[RECORD EXTRACTS]
Content starts

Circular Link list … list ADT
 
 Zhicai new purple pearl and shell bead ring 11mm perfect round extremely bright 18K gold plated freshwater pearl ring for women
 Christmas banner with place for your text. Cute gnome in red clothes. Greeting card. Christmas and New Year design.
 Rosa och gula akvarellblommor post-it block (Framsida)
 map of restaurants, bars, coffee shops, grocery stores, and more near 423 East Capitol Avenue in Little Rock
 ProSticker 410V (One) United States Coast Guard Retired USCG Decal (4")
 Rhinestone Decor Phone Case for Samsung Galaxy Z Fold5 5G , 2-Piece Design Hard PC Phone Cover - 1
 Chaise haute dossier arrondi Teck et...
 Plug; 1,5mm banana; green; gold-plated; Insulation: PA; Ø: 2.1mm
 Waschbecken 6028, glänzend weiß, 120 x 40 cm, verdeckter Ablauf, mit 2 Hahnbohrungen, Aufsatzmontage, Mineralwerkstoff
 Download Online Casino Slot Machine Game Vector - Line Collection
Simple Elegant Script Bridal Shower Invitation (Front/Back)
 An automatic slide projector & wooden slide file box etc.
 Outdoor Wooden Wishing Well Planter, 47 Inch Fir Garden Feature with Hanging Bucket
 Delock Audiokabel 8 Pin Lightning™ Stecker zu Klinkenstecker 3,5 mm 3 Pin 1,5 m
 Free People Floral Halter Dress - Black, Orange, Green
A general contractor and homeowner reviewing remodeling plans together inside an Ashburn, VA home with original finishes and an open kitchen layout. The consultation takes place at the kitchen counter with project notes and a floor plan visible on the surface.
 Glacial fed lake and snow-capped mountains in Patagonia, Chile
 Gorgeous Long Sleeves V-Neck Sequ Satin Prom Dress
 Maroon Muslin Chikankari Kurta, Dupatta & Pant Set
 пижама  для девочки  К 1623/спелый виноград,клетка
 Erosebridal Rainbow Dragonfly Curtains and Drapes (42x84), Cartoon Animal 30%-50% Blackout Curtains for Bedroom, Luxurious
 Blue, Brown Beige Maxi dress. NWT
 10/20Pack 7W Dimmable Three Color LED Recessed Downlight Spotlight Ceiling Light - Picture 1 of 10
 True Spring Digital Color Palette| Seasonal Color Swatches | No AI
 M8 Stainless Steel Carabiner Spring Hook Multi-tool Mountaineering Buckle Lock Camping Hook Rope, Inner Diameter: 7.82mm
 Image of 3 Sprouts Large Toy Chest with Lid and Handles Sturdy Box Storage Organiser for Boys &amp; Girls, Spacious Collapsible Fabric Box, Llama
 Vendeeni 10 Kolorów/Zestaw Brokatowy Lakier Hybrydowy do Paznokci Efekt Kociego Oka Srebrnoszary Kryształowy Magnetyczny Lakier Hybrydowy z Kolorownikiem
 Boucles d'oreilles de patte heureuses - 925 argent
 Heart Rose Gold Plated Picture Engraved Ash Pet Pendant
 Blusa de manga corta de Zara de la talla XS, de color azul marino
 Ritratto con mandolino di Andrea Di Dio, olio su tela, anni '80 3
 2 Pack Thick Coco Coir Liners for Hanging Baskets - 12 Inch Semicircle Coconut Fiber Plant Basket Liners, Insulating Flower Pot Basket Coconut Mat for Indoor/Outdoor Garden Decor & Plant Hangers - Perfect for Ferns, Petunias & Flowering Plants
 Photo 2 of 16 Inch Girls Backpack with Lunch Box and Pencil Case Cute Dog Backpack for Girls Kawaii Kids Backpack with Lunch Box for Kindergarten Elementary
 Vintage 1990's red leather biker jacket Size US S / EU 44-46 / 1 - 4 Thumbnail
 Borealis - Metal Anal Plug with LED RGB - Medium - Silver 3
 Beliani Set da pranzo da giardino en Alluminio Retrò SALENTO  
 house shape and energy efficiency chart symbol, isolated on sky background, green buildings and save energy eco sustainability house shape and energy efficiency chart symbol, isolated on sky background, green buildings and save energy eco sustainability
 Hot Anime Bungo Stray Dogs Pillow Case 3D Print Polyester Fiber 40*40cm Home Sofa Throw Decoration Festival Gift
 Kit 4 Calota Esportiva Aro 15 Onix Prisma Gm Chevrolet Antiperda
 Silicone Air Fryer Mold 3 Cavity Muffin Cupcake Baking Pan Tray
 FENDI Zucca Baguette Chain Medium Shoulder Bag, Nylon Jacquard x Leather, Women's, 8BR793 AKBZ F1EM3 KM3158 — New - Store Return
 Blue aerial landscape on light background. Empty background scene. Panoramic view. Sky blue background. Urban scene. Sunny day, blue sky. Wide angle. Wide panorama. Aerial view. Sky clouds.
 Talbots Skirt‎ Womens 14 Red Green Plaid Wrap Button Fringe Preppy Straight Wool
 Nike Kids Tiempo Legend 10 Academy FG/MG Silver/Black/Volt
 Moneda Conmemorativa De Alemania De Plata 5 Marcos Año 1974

Content ends

Whatever else the listing above holds, retype exactly only the lines from the one containing "Gorgeous Long Sleeves" to the one containing "Beliani Set da", both ends kept.

 Gorgeous Long Sleeves V-Neck Sequ Satin Prom Dress
 Maroon Muslin Chikankari Kurta, Dupatta & Pant Set
 пижама  для девочки  К 1623/спелый виноград,клетка
 Erosebridal Rainbow Dragonfly Curtains and Drapes (42x84), Cartoon Animal 30%-50% Blackout Curtains for Bedroom, Luxurious
 Blue, Brown Beige Maxi dress. NWT
 10/20Pack 7W Dimmable Three Color LED Recessed Downlight Spotlight Ceiling Light - Picture 1 of 10
 True Spring Digital Color Palette| Seasonal Color Swatches | No AI
 M8 Stainless Steel Carabiner Spring Hook Multi-tool Mountaineering Buckle Lock Camping Hook Rope, Inner Diameter: 7.82mm
 Image of 3 Sprouts Large Toy Chest with Lid and Handles Sturdy Box Storage Organiser for Boys &amp; Girls, Spacious Collapsible Fabric Box, Llama
 Vendeeni 10 Kolorów/Zestaw Brokatowy Lakier Hybrydowy do Paznokci Efekt Kociego Oka Srebrnoszary Kryształowy Magnetyczny Lakier Hybrydowy z Kolorownikiem
 Boucles d'oreilles de patte heureuses - 925 argent
 Heart Rose Gold Plated Picture Engraved Ash Pet Pendant
 Blusa de manga corta de Zara de la talla XS, de color azul marino
 Ritratto con mandolino di Andrea Di Dio, olio su tela, anni '80 3
 2 Pack Thick Coco Coir Liners for Hanging Baskets - 12 Inch Semicircle Coconut Fiber Plant Basket Liners, Insulating Flower Pot Basket Coconut Mat for Indoor/Outdoor Garden Decor & Plant Hangers - Perfect for Ferns, Petunias & Flowering Plants
 Photo 2 of 16 Inch Girls Backpack with Lunch Box and Pencil Case Cute Dog Backpack for Girls Kawaii Kids Backpack with Lunch Box for Kindergarten Elementary
 Vintage 1990's red leather biker jacket Size US S / EU 44-46 / 1 - 4 Thumbnail
 Borealis - Metal Anal Plug with LED RGB - Medium - Silver 3
 Beliani Set da pranzo da giardino en Alluminio Retrò SALENTO  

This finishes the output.